In a playoff rematch with the Packers, Matte completed 5 of 12 passes for 40 yards and gained an additional 57 yards on the ground. The Colts lost on a 25-yard field goal from Don Chandler in overtime, 13-10.
The makeshift wristband Matte wore with the team's plays scribbled on a notecard is on display in the Pro Football Hall of Fame.
Over 12 seasons, Matte rushed for 4,646 yards and 45 touchdowns and caught 249 passes for 2,869 yards and 12 touchdowns.
He ascended to the starting halfback role in 1967, Hall of Famer Lenny Moore's final year with the team, and went on to earn Pro Bowl honors in 1968--the season the Colts team infamously lost Super Bowl III to the New York Jets--and 1969.
In 1969, Matte was named first team All-Pro after rushing for 909 and tallying another 513 receiving yards. He led the league in both rushing touchdowns (11) and yards from scrimmage (1,422).

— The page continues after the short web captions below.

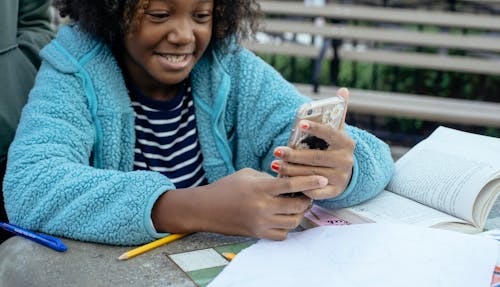 Crop African American child smiling and browsing mobile phone while having break from homework
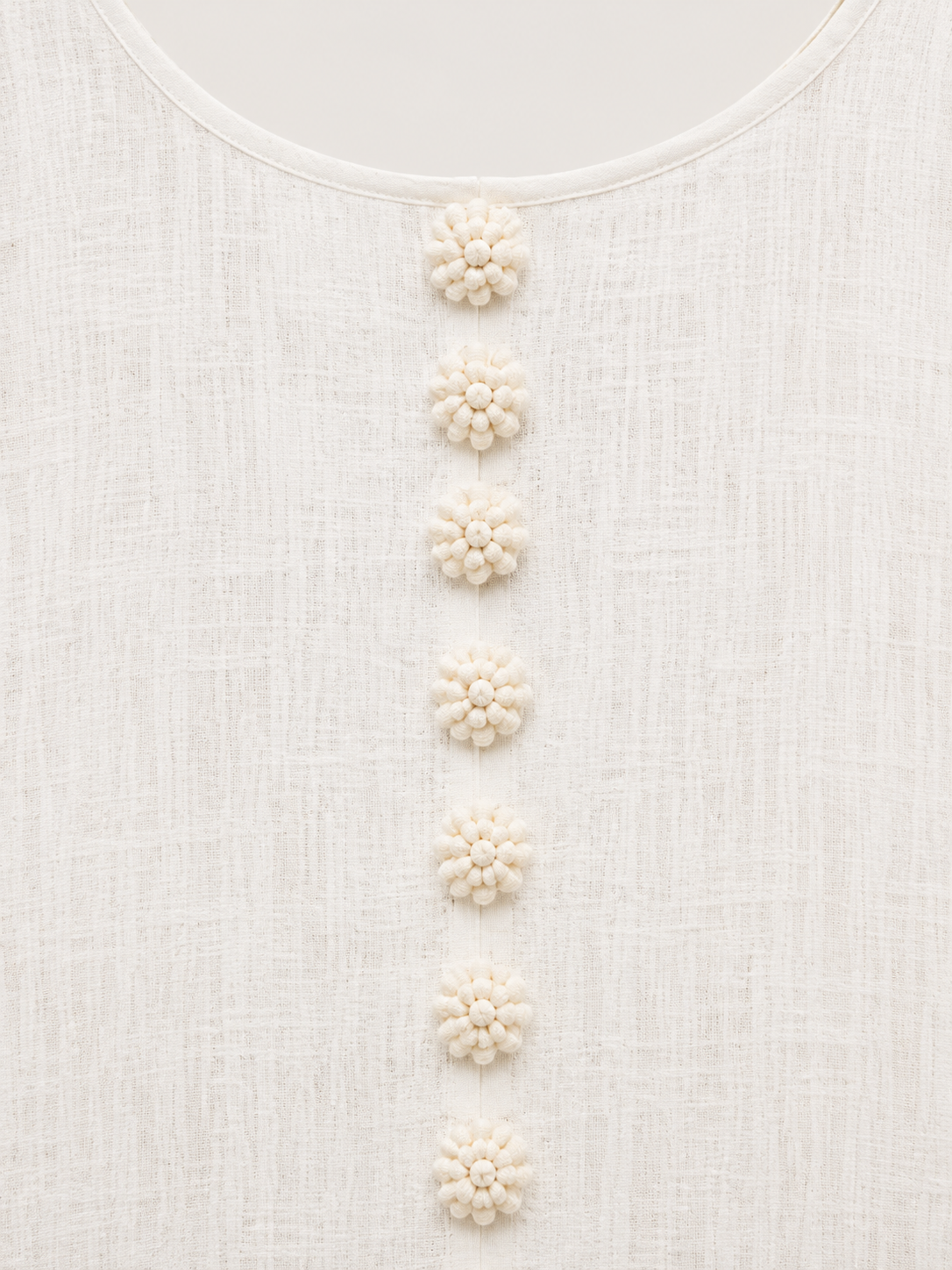 Aurelia round neckline and floral button detail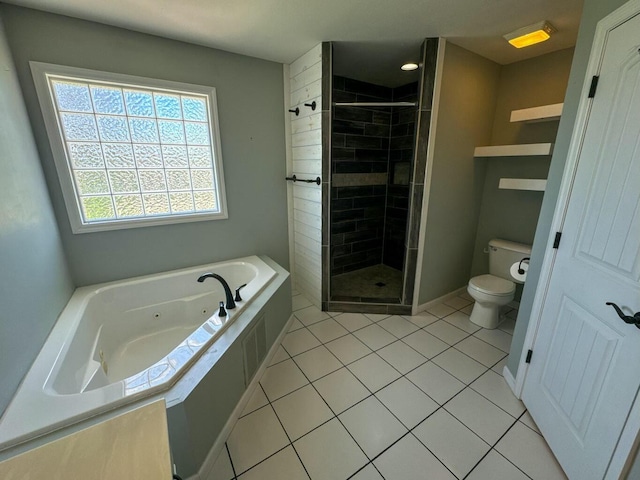 bathroom featuring toilet, a stall shower, a jetted tub, and tile patterned floors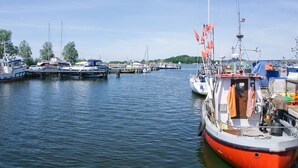 Uma marina com vários barcos atracados, incluindo um barco vermelho em destaque no primeiro plano.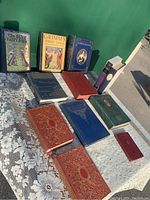 Full view of all twelve antique books laid out on a lace tablecloth, showing colorful covers and various sizes.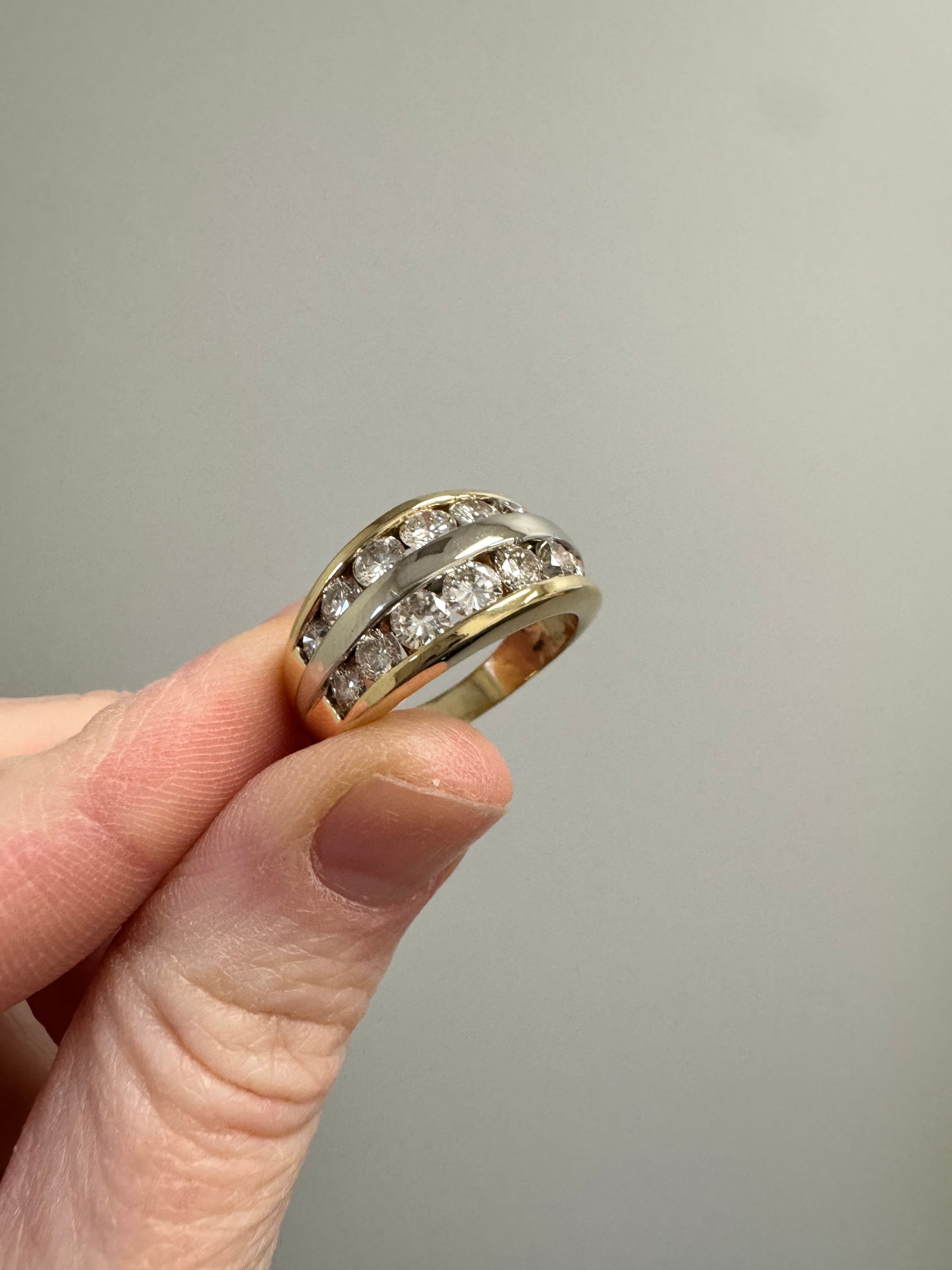 Two tone double row diamond fashion ring with graduated round diamonds: Size up to 9, do 1/4 shank & polish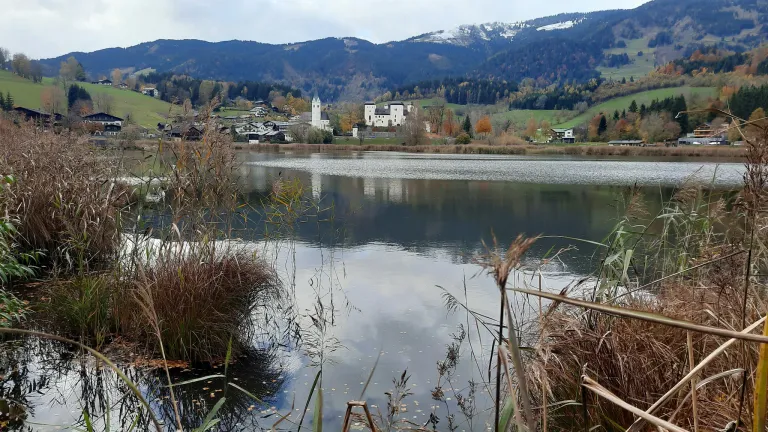 Ein ruhiger See spiegelt den Herbsthimmel und die nahen Berge wider. Dorfhäuser säumen die Landschaft, mit einem markanten weißen Kirchturm. Üppige Bäume und Sträucher säumen den Wasserrand.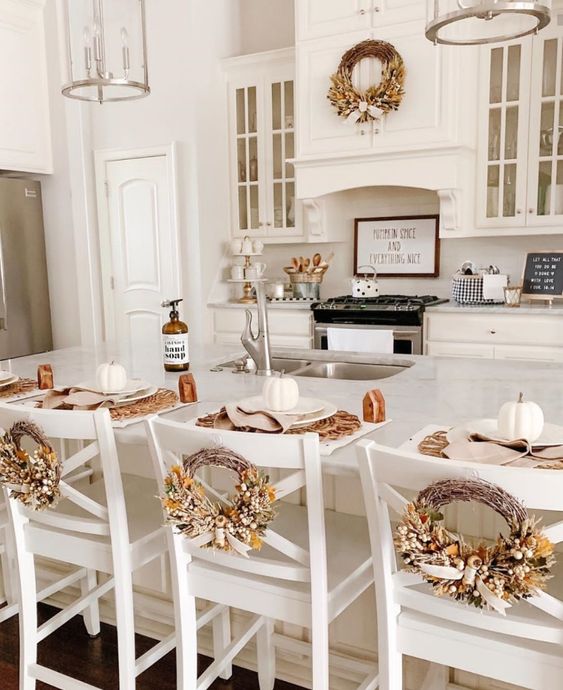 fall kitchen wreath above stove and on chairs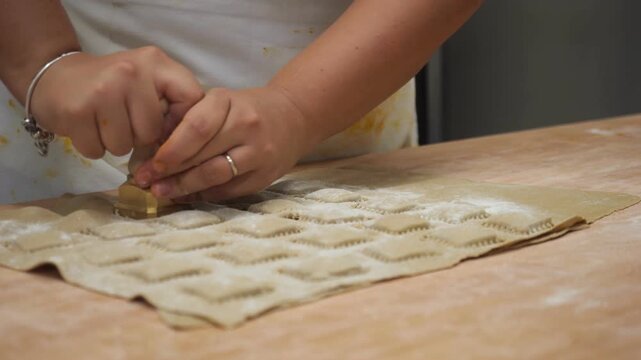 Woman entrepreneur making fresh tortelli pasta in a professional kitchen setting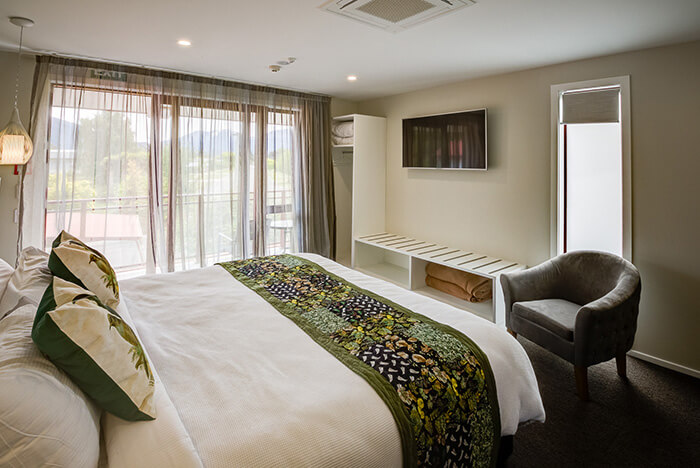 Inside Red Tussock premium studio room with super king bed 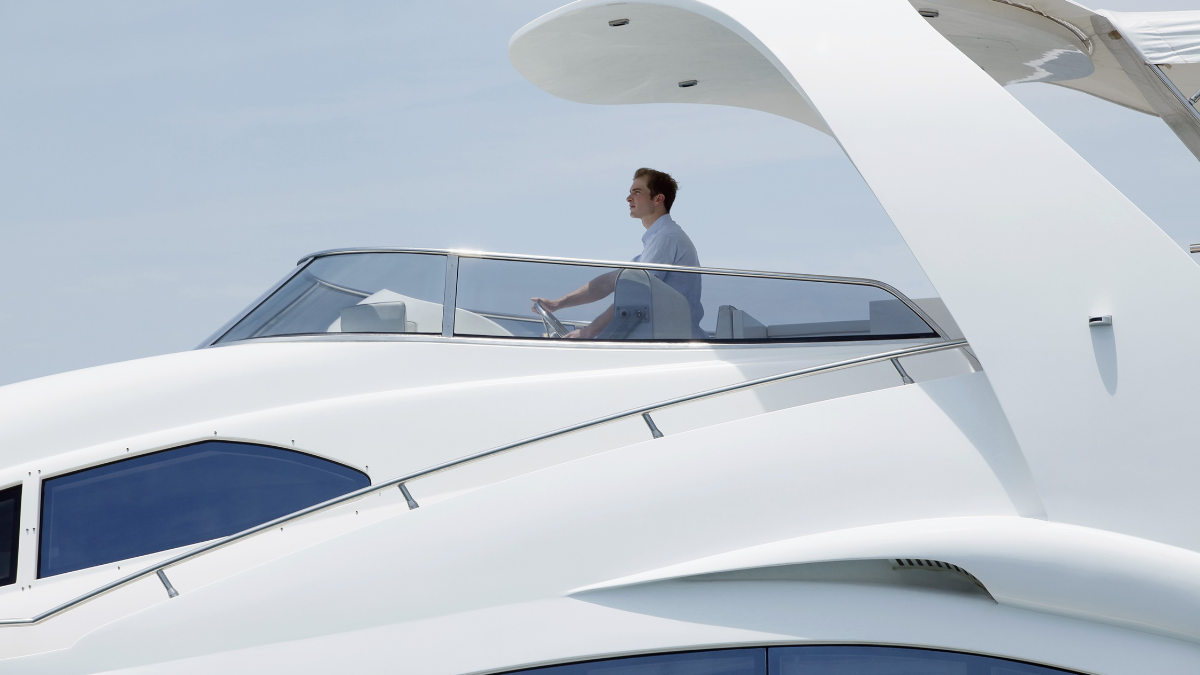 Man driving a yacht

A knee injury knocked Matte out two games into the 1970 season, when the Colts went on to beat the Dallas Cowboys in Super Bowl V.
"I want to start off with my condolences to the Matte family," Harbaugh said at the Wednesday press conference. "We love the Matte's and we know that he's a man of faith. He's with his maker right now."
Harbaugh added that Matte was a family friend and went to high school with his mother.
In a statement, the Ravens owner Steve Bisciotti recalled meeting Matte at Colts training camp, calling him one of the Baltimore community's heroes.
"The way he embraced us was truly special," Bisciotti said. "Many years later, when the Ravens came to Baltimore in 1996, it was amazing to then see our team embrace him."
Thomas Roland Matte was born in Pittsburgh on June 14, 1939. His father played hockey for the Detroit Cougars, who eventually evolved into the Red Wings.
Matte loved hockey but earned accolades at Ohio State for football. He preferred being a running back, but in the 1959 opener against Duke, Matte took over at quarterback after the starter was injured and the backup failed to move the team.
The Buckeyes trailed 13-7 before Matte capped a 63-yard drive with a 22-yard touchdown pass in the waning minutes for a 14-13 victory.
Recalling the moment coach Woody Hayes asked him to play quarterback, Matte initially refused.
"I said, 'I don't want to play quarterback.' I had small hands and throwing a spiral was hard enough for me to do," Matte said. "He says, 'Well, we don't like to throw the ball anyway.' We always had that theme of three yards and a cloud of dust."
Matte went 28 for 51 that season, throwing for 439 yards and four touchdowns. He also ran for 190 yards and a score.
Hayes was so impressed, he made Matte the starter in 1960, and the senior responded by leading Ohio State to a 7-2 record. On the day of the 1961 NFL draft, however, the Colts made it clear that he was done as a quarterback -- except in case of emergency.
After his retirement from pro football in 1972, Matte was a color analyst for Baltimore Ravens radio broadcasts from 1996 to 2005.
The Associated Press contributed to this report.